Most market watchers have long expected that Sears (NASDAQ:SHLDQ) would wind up a casualty of the e-commerce revolution. But as MarketFoolery host Chris Hill and senior analysts Jason Moser and Matt Argersinger remind us in this segment, that was not always inevitable. The real cause for the retailer's decline, they say, lays in the strategies and decisions of CEO Eddie Lampert, who treated it more as a tool for financial legerdemain, and less as a business that he could or should try to improve.
A full transcript follows the video.
This video was recorded on Oct. 10, 2018.
Chris Hill: In news that really can't be a surprise to anyone who has a basic understanding of how math works, Sears has hired advisors to help the company prepare for bankruptcy. Shares of Sears down 35% today.
Matt Argersinger: Yeah, once you DIP, there's no going back. When I say "DIP," I mean debtor in possession, which is the loan they're seeking, which is a loan that provides short-term financing. It's the most senior of debts that you get when you're in bankruptcy, just to keep the business and the lights on until everything can be sorted out. That's what's happened to Sears.

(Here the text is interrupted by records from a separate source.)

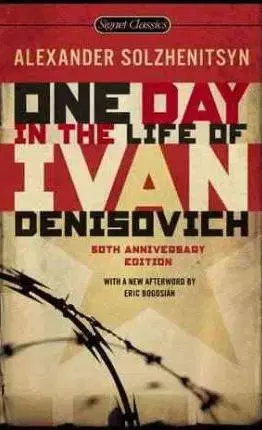 Cudzojazyčná literatúra One Day in the Life of Ivan Denisovich - Aleksandr Isaevich,Kolektív autorov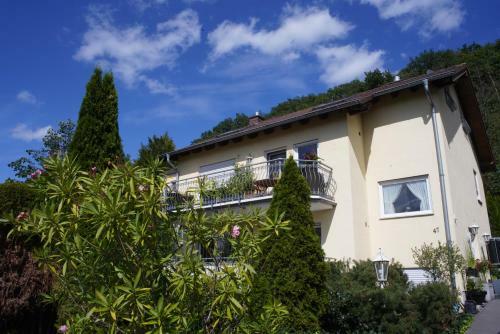 Apartamento Ferienwohnung Ahrtalblick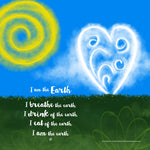 Poster_I am the earth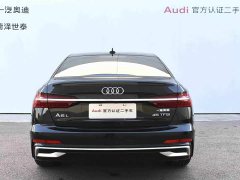 Audi A6L 45 TFSI Premium Dynamic - ფოტო 3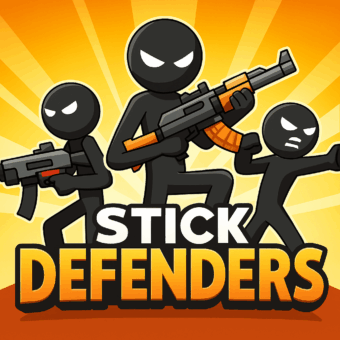 Stick Defenders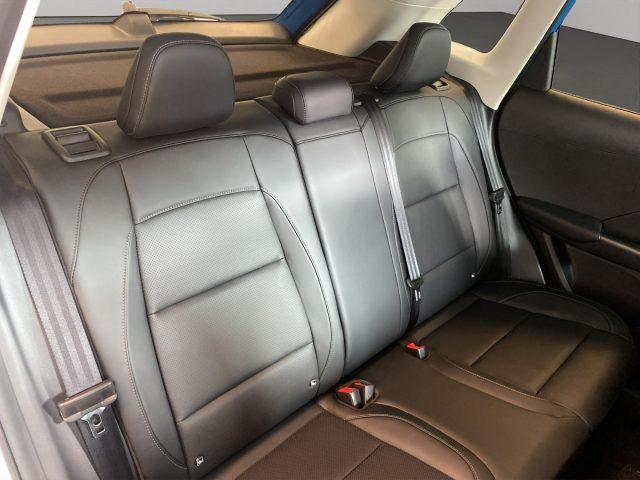 MG ZS NUOVA 1.5 Comfort Benzina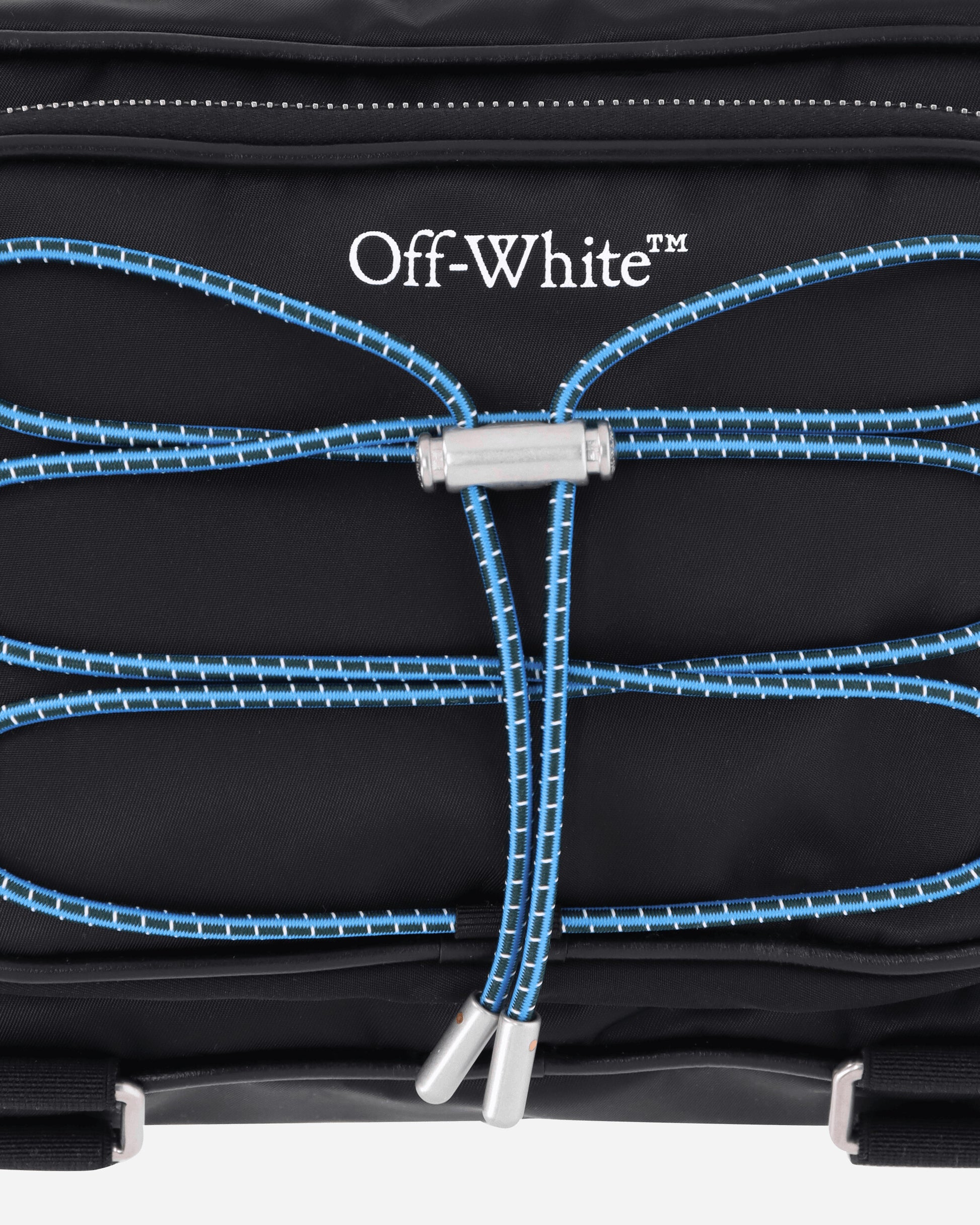 Off-White Courrier Camera Black/Multicolor Bags and Backpacks Shoulder Bags OMNQ070F23FAB001 1000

Chris, as you said, it's really no surprise that we're here. What's most surprising to me is actually how we got here. Step back 20 years ago, you could have said, "The world is changing a little bit. I can see this e-commerce thing going. I can see Walmart and Target having all this success. Sears feels a little behind. The stores are older, the catalog business isn't as strong as it used to be. Eventually, maybe, this is a retailer that's not going to be around." But what happened was, it had this weird end to it, which is, Eddie Lampert comes in, and it becomes a story of not just a retailer that's going bad, but a financial engineering story. A value investor with a great track record at the time comes in, he buys Kmart, then mergers Kmart with Sears. It becomes a real estate play, it becomes an asset play. It becomes, "I can raise money, I can pay down debt, I can buy back stock. I can create this investment vehicle that'll be really successful."
But it was always built on a crumbling foundation, which is the Sears business. All of that other stuff didn't put customers back in the stores. Stores declined over time. There was no reinvestment in the core business. I think that was ultimately what happened, and it's why we're here today, with Sears essentially on the verge of bankruptcy.
Hill: The Wall Street Journal had a line today. For people who are not looking at the business news every day, for people who are not focused on investing every day, it's probably easy to just say, "Well, this is the narrative that has played out over the last 20 years, which is the rise of e-commerce and bricks and mortar going down." The line in the Journal is, "The company was not helped by Mr. Lampert's unconventional approach to retailing," pointing out that, among other things, he really resisted investing in upgrading the stores and that sort of experience.
One other thing I'll throw in there with the financial engineering is the brands that Sears owned, that was part of Lampert's strategy, as well. "Well, if we need a little bit of money, we can sell those." They sold off the tool brand that they had.
Argersinger: Craftsman, Lands' End was spun off.
Hill: Yeah. It's kind of sad to see, but, again -- I was saying this right before we started taping -- I'm not sure what I'm more surprised by, the fact that we've been doing this show for nearly eight years, or that we've been talking about Sears going bankrupt for nearly eight years, and they're still in business!
Jason Moser: That headline is killing me. It talks about possible bankruptcy. I mean, come on, man! This thing is imminent! Just say that they're getting everything in order to go ahead and file for bankruptcy. It's imminent! It's not possible anymore!